▶ _Given records_:

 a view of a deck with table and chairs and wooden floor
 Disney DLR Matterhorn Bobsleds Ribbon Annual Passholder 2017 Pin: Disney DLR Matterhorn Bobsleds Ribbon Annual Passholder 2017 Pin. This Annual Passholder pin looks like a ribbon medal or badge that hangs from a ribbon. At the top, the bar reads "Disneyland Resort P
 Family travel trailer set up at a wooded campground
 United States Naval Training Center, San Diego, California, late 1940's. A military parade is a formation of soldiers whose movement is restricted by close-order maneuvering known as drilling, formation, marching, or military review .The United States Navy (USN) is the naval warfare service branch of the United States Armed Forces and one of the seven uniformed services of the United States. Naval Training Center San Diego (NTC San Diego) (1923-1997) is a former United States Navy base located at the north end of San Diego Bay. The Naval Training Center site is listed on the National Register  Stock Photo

--

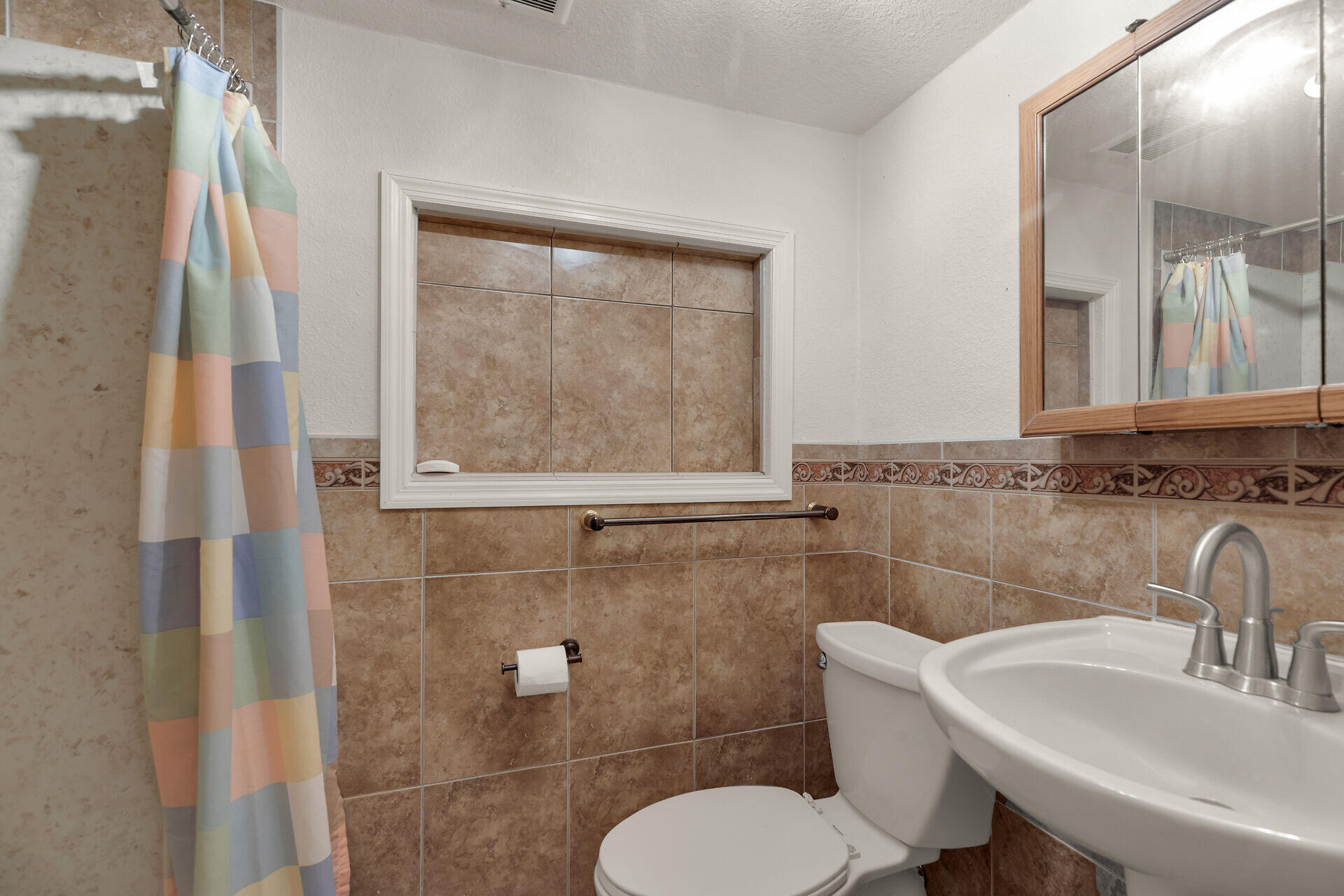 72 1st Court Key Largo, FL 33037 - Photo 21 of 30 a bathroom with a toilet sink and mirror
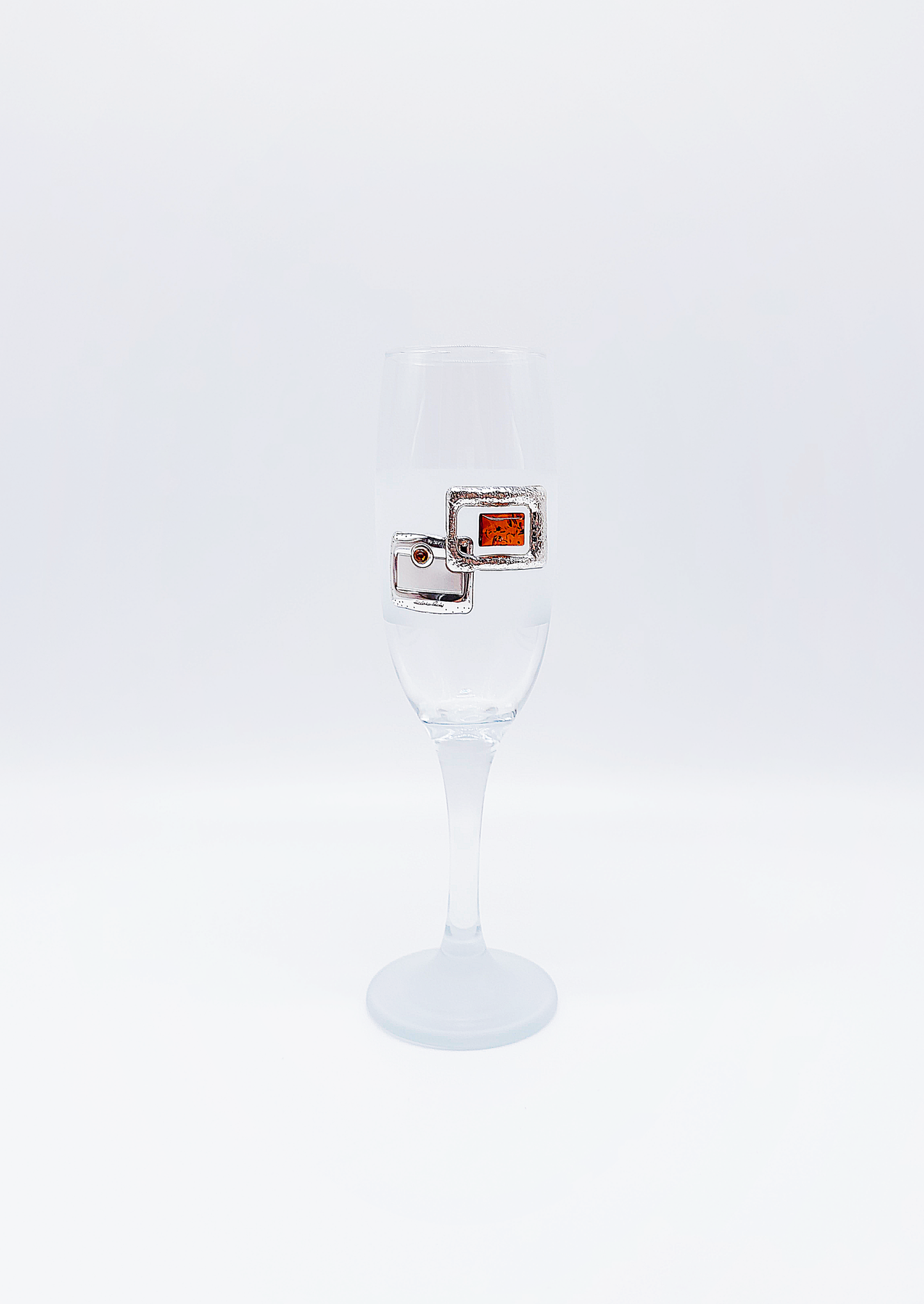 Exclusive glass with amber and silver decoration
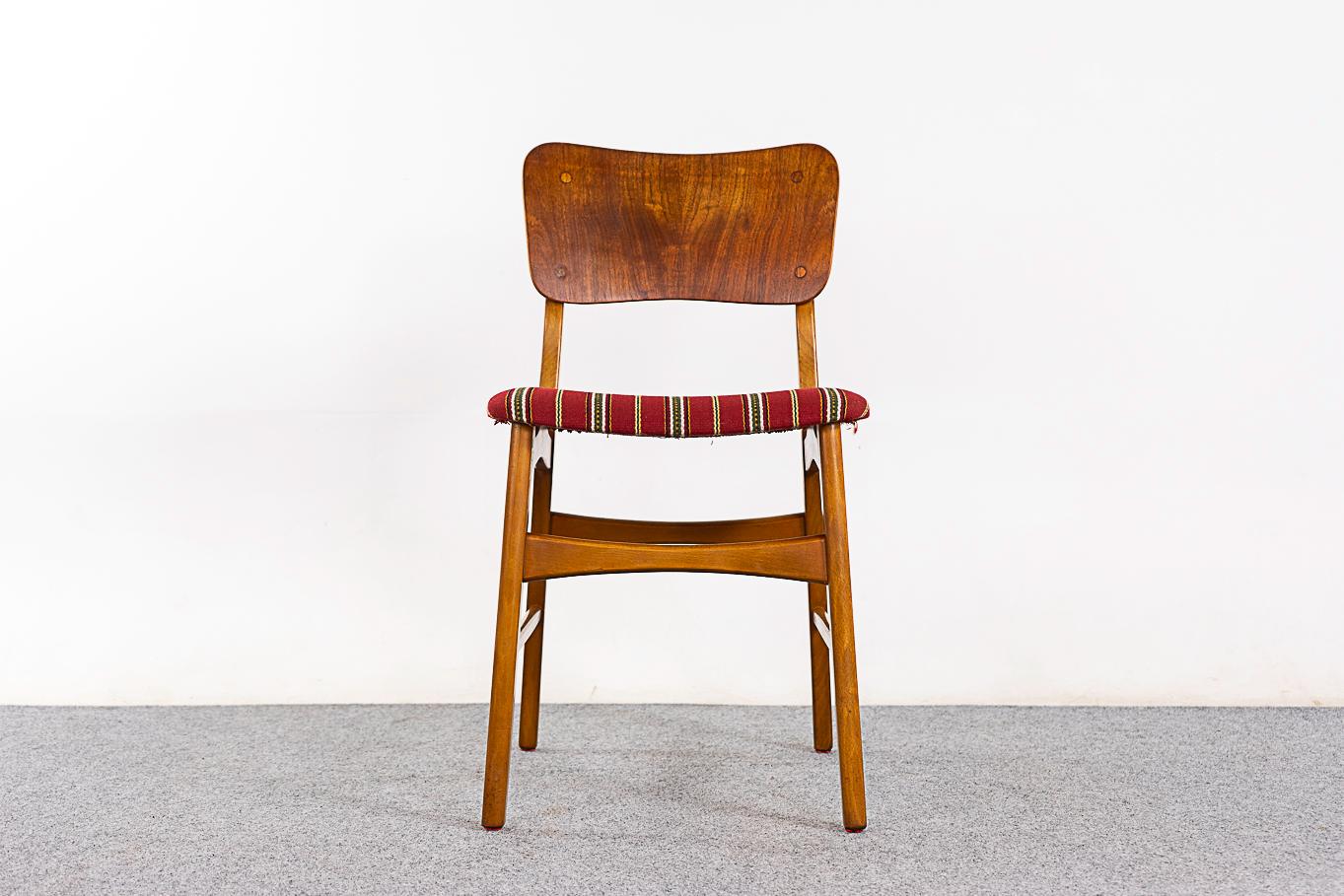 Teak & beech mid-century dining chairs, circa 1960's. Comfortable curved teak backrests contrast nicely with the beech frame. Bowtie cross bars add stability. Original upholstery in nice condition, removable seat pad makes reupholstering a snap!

▶ _What you will do_:
When you reach the line in the material above that holds "2017 Pin: Disney", begin reproducing lines exactly, and stop after the line that holds "United States Naval".

▶ _Written answer_:
 Disney DLR Matterhorn Bobsleds Ribbon Annual Passholder 2017 Pin: Disney DLR Matterhorn Bobsleds Ribbon Annual Passholder 2017 Pin. This Annual Passholder pin looks like a ribbon medal or badge that hangs from a ribbon. At the top, the bar reads "Disneyland Resort P
 Family travel trailer set up at a wooded campground
 United States Naval Training Center, San Diego, California, late 1940's. A military parade is a formation of soldiers whose movement is restricted by close-order maneuvering known as drilling, formation, marching, or military review .The United States Navy (USN) is the naval warfare service branch of the United States Armed Forces and one of the seven uniformed services of the United States. Naval Training Center San Diego (NTC San Diego) (1923-1997) is a former United States Navy base located at the north end of San Diego Bay. The Naval Training Center site is listed on the National Register  Stock Photo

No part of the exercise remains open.